APDs and SPADs are the detectors of choice for applications such as automotive LiDAR systems. These are used in Advanced Driver Assistance Systems and autonomous driving. This is because they offer the necessary sensitivity needed to detect weak reflections from distant objects. 

Scientific and Industrial Applications 

APDs can be integrated into a wide variety of industrial tools and scientific research equipment. 

The optical time-domain reflectometry instruments are examples of applications where APDs are crucial. In this case, the APDs are crucial for detecting the extremely weak backscatter signals. 

Choosing the Right Avalanche Photodiode

1. Wavelength Sensitivity and Material 

Always make sure that the APD’s spectral response to the wavelength of the light you need to detect is paramount. 

The Silicon APDs are best for the UV to near-infrared (300 nm to 1100 nm) range. Expect them to be widely used with 905 nm lasers in consumer and industrial LiDAR applications. 

The InGaAS APDs are ideal for the infrared range of 900 nm to 1700 nm. This is essential for fiber optic communication systems. 

Germanium APDs are an alternative for the infrared range (800 nm to 1600 nm). They are often used in cost-sensitive applications, but can be noisier than InGaAs. 

2. Sensitivity and Signal-to-Noise Ratio

APDs are usually chosen because of their ability to detect low light levels, their gain, and noise characteristics. 

The Avalanche gain determines how much the signal is amplified. For example, Silicon APDs can reach higher gains of up to 1000+ than the InGaAs APDs, which are only around 100. 

The excess noise factor is worth considering, as the avalanche process adds noise. Silicon has a lower excess noise factor than InGaAs or Germanium. This leads to having a better SNR overall. 

3. Speed and Bandwidth 

The required detection speed dictates the physical design of the APD. A trade-off exists between the detector’s active area and its bandwidth or speed. Having large active areas can increase the junction capacitance. This reduces the bandwidth and slows the response time. 

High-speed fiber optic communication requires APDs with bandwidths in the GHz range. Low-frequency applications can use larger-area, higher-capacitance APDs. 

4. Operating Mode and System Integration 

You should determine whether you need an analog output or a digital photon counting. 

The linear mode operates below the breakdown voltage for analog measurement of light intensity. This mode requires a stable high voltage bias and temperature compensation circuitry. 

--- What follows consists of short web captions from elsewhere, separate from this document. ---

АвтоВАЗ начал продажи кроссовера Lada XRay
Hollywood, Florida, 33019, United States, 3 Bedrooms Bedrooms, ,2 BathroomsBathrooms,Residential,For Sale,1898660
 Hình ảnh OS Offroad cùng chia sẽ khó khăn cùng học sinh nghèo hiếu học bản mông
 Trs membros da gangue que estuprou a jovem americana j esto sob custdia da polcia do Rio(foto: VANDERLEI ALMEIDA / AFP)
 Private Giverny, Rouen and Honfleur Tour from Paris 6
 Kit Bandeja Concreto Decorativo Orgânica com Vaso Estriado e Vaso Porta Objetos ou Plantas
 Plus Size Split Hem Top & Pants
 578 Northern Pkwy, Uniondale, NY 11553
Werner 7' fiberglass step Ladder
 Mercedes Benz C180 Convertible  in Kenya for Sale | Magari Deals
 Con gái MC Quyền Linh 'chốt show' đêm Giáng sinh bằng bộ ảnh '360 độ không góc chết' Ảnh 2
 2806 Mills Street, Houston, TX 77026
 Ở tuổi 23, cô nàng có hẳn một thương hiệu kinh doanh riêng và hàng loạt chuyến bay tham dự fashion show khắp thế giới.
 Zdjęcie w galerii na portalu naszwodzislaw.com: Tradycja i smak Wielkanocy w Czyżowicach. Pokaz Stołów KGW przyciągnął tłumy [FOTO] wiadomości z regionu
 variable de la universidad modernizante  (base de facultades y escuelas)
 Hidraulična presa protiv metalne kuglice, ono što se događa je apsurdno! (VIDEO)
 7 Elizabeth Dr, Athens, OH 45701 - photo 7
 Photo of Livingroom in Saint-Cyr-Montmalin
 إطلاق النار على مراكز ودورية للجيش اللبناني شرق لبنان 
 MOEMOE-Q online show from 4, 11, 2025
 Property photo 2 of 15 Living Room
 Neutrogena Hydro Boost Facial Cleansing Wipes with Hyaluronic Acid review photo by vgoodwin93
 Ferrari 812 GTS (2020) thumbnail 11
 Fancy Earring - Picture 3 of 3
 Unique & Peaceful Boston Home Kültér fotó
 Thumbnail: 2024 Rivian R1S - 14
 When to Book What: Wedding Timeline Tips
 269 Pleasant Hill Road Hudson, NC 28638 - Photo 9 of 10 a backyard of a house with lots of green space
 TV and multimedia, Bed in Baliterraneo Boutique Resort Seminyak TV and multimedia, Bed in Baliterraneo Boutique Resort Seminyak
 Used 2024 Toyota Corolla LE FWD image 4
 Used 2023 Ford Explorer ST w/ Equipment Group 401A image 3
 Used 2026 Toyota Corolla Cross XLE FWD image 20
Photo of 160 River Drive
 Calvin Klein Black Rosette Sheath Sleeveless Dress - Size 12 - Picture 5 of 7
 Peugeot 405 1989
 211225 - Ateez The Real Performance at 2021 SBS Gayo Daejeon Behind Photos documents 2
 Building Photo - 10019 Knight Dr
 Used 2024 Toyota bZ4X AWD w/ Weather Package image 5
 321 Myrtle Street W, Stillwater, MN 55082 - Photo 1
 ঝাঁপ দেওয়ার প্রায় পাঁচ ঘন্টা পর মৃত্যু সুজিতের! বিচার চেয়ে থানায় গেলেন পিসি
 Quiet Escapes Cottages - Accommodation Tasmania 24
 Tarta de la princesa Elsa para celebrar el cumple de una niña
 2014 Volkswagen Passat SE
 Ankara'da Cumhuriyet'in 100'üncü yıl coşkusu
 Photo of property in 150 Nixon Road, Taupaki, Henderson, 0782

Geiger mode operates above the breakdown voltage for single-photon counting applications. It requires specific quenching circuits to reset the device after each photon detection.

Consider the mechanical requirements as well. This helps with choosing the APD depending on packaging. 

Conclusion

The Avalanche Photodiodes are critical components in photonics. They offer exceptional sensitivity via impact ionization for signal multiplication. This allows for the detection of weak light signals in challenging, noise-limited environments. Their selection involves balancing the material properties and structural designs while also requiring complex circuitry. APDs provide significant performance advantages that are important across different industries.